"""

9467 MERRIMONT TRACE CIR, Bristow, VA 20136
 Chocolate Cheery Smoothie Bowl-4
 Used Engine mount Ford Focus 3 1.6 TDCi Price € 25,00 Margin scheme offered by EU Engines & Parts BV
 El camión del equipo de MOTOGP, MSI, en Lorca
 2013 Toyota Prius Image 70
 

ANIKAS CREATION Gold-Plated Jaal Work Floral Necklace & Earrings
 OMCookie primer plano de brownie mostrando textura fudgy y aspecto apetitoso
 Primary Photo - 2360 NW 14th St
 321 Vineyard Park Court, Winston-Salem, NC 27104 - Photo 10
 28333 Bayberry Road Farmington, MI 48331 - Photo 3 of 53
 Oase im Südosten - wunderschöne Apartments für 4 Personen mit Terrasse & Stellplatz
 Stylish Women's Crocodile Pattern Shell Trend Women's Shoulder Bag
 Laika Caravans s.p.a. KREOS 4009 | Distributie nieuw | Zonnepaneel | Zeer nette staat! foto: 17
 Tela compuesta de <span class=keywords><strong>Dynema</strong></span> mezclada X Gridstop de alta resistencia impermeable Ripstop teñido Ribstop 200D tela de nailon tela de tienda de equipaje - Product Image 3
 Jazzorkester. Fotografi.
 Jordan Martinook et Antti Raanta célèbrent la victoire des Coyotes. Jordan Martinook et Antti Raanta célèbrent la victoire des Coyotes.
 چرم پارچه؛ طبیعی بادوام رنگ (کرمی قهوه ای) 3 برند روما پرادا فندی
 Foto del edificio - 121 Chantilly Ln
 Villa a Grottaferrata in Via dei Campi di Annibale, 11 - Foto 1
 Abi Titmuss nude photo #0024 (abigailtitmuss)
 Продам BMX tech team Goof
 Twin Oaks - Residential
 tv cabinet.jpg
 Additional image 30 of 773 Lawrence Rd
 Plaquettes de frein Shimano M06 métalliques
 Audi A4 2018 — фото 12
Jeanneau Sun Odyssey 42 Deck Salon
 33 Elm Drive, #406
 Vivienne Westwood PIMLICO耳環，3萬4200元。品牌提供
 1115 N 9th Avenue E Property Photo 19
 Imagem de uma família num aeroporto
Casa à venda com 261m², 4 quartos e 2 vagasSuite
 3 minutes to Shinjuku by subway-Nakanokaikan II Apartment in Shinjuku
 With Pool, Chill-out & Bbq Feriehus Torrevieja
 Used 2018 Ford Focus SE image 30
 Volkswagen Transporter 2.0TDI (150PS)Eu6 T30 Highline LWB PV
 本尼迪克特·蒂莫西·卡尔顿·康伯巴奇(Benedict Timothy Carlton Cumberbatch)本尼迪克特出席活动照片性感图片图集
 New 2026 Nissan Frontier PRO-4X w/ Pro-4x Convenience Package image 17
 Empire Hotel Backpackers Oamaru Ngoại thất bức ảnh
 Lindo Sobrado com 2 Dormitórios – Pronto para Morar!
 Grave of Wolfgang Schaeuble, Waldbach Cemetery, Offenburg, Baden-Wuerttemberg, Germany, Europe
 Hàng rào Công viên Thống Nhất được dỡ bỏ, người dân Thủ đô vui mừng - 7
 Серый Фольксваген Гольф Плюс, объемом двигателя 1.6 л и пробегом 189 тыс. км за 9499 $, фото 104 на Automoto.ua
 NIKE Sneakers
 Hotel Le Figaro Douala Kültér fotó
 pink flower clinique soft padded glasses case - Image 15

"""

If a line in the records contains the string "Ford", include it in the count; report that count alone.

#### EXERCISE OUTPUT
2